Translated by Sheila Fischman. Toronto, McClelland and Stewart, c1986. 450pp, paper, $14.95, ISBN 0-7710-1150-4. (McClelland and Stewart Signature series). CIP

Grades 12 and up
Reviewed by Philip K. Harber

Volume 14 Number 5
1986 September


When the novel Le matou was published by Quebec-Amerique in 1981, it became a best-seller in Quebec, and the English version of it has been equally well received, perhaps because it can be read on at least two levels. Superficially, it is an absorbing tale of Montreal today, in which the hero makes good. On another level, it is a modern Faust story, in which he defeats the tempter Ratablavsky (or does he?). The ups and downs of Florent's struggle to make enough money to buy a restaurant to compete with the Beanery makes a man of him, but along the way other people suffer, for example, his friends, his wife, and the little boy who wants them to adopt him.

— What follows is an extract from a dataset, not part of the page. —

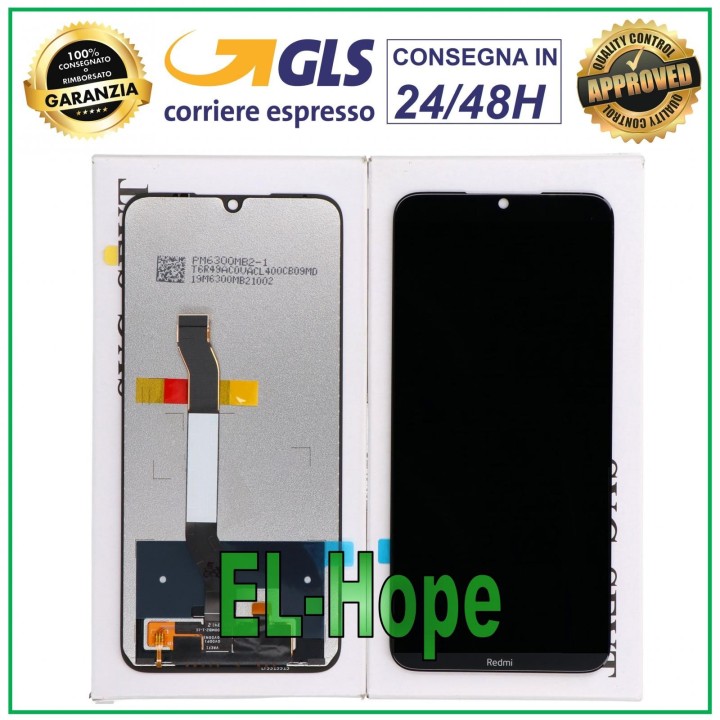LCD DISPLAY LIKE ORIGINAL SERVICE XIAOMI REDMI NOTE 8 M1908C3JG TOUCH SCREEN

Some of them even die horribly and mysteriously (such as "Monsieur Emile" and the hit man Georges-Etienne Cartier).

The large cast of colourful characters, some verging on caricature, and their lively dialogue (hard to render into appropriate popular English) would make this novel suitable for grade 12 courses studying Canadian society today and contemporary Canadian literature.


Philip K. Harber, Toronto Board of Education, Toronto, Ont.